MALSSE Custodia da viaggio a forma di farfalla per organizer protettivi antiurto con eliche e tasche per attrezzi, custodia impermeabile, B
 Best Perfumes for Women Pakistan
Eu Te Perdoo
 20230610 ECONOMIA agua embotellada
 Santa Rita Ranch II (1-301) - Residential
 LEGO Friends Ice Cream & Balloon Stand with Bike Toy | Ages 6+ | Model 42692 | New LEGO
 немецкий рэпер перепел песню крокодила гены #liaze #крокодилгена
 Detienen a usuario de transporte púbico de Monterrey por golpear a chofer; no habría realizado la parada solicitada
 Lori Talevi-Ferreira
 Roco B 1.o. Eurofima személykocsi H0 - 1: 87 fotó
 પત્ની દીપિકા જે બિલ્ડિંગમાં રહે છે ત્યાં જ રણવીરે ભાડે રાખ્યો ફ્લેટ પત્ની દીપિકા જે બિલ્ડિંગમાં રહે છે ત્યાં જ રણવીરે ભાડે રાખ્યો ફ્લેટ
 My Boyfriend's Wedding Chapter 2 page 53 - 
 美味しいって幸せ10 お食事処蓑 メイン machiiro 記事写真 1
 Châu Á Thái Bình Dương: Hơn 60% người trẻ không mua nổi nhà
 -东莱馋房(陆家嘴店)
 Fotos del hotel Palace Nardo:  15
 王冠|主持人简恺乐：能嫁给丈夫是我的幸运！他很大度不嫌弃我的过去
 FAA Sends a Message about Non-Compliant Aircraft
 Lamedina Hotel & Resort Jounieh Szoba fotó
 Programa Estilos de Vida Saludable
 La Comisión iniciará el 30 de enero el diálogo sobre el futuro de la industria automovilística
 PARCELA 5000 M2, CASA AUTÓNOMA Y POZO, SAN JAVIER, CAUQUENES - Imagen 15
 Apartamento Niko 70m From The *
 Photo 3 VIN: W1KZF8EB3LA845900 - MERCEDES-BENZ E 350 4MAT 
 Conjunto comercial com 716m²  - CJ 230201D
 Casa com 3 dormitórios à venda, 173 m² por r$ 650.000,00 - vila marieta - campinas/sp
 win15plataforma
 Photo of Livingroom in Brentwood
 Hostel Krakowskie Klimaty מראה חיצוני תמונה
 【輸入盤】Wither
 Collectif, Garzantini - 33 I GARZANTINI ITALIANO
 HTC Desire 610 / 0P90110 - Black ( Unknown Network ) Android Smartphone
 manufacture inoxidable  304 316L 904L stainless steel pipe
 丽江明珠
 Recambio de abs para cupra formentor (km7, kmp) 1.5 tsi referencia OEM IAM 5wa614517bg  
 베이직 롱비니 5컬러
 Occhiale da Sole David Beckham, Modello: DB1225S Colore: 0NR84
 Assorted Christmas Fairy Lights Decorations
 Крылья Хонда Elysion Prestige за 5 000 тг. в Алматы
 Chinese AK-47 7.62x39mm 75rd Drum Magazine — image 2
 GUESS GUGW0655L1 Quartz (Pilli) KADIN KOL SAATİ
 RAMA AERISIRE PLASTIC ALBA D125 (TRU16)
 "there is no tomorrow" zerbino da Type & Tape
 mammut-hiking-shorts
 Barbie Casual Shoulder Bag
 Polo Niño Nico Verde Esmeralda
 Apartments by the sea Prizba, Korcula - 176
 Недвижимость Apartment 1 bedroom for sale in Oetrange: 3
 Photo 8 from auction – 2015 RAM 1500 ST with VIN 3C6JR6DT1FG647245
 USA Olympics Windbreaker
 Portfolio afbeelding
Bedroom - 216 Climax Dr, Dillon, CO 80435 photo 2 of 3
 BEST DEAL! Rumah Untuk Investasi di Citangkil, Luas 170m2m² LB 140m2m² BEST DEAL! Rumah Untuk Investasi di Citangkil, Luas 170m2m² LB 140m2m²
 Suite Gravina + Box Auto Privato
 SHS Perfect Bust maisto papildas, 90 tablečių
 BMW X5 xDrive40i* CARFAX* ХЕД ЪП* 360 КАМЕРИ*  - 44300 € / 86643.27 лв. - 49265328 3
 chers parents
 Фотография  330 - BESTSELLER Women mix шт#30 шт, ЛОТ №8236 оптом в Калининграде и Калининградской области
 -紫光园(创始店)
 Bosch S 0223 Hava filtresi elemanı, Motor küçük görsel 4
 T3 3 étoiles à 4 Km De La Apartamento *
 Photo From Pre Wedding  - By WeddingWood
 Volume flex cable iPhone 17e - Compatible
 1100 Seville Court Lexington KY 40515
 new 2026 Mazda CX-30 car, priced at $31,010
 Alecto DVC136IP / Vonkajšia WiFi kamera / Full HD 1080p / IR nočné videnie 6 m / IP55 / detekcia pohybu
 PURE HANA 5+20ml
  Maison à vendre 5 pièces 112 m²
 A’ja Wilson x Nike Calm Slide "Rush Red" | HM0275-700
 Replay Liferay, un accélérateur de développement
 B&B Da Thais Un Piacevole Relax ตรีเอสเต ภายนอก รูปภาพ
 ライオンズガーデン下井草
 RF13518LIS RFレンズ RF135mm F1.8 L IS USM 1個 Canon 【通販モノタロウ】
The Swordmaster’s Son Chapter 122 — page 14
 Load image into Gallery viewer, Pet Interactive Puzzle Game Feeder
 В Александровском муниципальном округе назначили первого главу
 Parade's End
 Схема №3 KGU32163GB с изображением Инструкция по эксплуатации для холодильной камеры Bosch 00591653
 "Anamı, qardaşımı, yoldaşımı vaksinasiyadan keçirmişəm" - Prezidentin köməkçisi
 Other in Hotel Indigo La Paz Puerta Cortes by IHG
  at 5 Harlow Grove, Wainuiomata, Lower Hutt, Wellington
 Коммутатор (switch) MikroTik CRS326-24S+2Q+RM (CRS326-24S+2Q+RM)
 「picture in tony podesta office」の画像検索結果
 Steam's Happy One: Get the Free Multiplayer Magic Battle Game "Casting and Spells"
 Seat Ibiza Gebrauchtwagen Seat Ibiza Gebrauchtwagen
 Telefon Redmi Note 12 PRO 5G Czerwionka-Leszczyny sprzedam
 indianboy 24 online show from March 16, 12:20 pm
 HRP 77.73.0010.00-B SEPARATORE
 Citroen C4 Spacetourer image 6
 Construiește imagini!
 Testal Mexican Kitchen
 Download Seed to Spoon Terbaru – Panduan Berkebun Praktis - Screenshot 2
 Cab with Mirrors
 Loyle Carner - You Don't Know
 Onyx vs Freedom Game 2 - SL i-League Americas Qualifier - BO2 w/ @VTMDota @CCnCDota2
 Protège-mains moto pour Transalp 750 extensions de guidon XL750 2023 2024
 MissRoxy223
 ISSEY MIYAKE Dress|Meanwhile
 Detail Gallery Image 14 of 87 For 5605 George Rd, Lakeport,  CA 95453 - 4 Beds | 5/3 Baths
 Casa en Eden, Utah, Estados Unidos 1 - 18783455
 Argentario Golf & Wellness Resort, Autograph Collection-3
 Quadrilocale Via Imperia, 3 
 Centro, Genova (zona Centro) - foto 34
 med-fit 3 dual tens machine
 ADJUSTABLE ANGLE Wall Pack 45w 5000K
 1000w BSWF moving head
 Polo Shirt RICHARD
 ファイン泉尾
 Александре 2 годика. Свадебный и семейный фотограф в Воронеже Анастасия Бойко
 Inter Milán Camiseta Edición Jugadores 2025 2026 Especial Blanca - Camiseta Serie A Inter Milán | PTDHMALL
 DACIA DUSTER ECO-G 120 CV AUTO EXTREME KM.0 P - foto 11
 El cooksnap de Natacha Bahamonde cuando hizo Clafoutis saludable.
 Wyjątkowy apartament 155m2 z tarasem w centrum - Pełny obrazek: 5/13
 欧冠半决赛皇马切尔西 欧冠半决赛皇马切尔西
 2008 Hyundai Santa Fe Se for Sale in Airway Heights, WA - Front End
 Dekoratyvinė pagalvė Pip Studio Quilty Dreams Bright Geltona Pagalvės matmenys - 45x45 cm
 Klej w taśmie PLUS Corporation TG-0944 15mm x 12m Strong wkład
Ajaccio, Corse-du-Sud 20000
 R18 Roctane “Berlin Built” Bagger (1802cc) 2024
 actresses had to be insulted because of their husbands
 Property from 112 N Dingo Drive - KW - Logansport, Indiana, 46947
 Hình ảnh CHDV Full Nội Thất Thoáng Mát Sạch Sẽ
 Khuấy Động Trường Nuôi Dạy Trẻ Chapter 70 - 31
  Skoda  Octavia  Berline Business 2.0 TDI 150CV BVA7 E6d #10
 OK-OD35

Instructions to follow >>
Starting at the line that contains "Klej w taśmie", reproduce each line through the end of the records exactly, both ends included.

Exercise answer >>
 Klej w taśmie PLUS Corporation TG-0944 15mm x 12m Strong wkład
Ajaccio, Corse-du-Sud 20000
 R18 Roctane “Berlin Built” Bagger (1802cc) 2024
 actresses had to be insulted because of their husbands
 Property from 112 N Dingo Drive - KW - Logansport, Indiana, 46947
 Hình ảnh CHDV Full Nội Thất Thoáng Mát Sạch Sẽ
 Khuấy Động Trường Nuôi Dạy Trẻ Chapter 70 - 31
  Skoda  Octavia  Berline Business 2.0 TDI 150CV BVA7 E6d #10
 OK-OD35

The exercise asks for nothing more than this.